It has a more cohesive feel now. Before, with the Marvel run, there was a certain amount of randomness and contradiction and even weariness that crept in, but now there’s a real gameplan, be it in War Within or G1 or Micromasters or even the Ultimate Guide. Everything that happens in War Within will pay off in G1, and vice versa. Same with Micromasters. Brad (James), Adam and I are all working to ensure that it’s a complete, rounded picture… that we’re not just making stuff up as we go along. The great thing is, all the Dreamwave writers (and artists) KNOW Transformers, inside and out, drawing on all previous variations and incarnations while still creating something brand new.
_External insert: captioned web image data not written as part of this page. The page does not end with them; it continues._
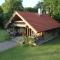 Kangru Holiday Home - Vanamõisa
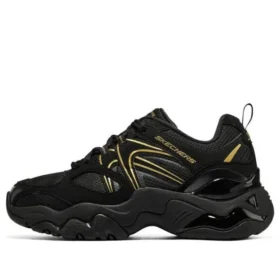 DLites 3.0 Air Sneaker «Black Gold»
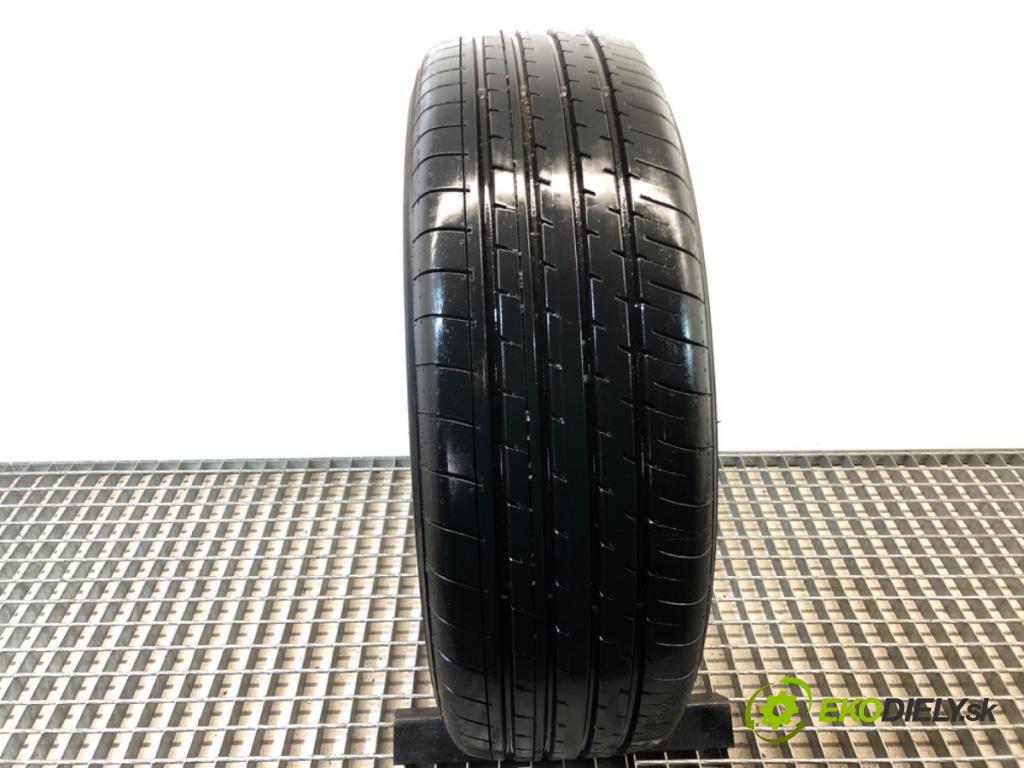 --- ---      PNEUMATIKA: 1X 215/65 R17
And with the most definitive Who’s Who ever compiled (in the More Than Meets The Eye series), it’s difficult to go far wrong.

7. The original UK comic ran for an incredible 332 issues, however sadly the recent Armada UK run was unable to come close to replicating this success. Can you tell us why you think this was and maybe give us some insight into the different environments that these comics were produced in?

The Armada UK comic began life with a huge misconception as to the audience it should have been aimed at. It was originally pitched at an age group slightly above pre-school, so the stories were, by necessity, simpler, the art more open and the colours bordering on primary. The original Marvel UK comic was pitched squarely at the boy’s action/adventure market (which is the real niche Transformers as a whole occupies… apologies to the many female fans/readers), and if anything veered even older than that. I like to think that a lot of the original UK comic’s success was down to the fact that the stories had real depth, that they addressed serious issues (albeit in a fantastic setting). Kids, in my experience, hate being talked (or written) down to. They’re smart… smarter (and more savvy) now it seems than even 20 years ago. So the tack for the Panini comic was just all wrong. It didn’t excite new readers and it put off the older fans. But even, in today’s market, if Panini had put out a more boy’s action/adventure orientated title, it may still have failed. Comics in the UK (and maybe more generally) need so much more to survive these days, in a fairly limited (but intensely competitive) market. They battle for shelf space in busy High Street outlets, covers dominated by free gifts and cover mounts. It’s hard to figure what would work… but I sure hope someone tries.

8. How much attention do you pay to the rest of the comics industry? If so, which titles hold your interest the most? Is it difficult to read comics when you're also a writer, or is it easy to hop onto the reader's side of the fence?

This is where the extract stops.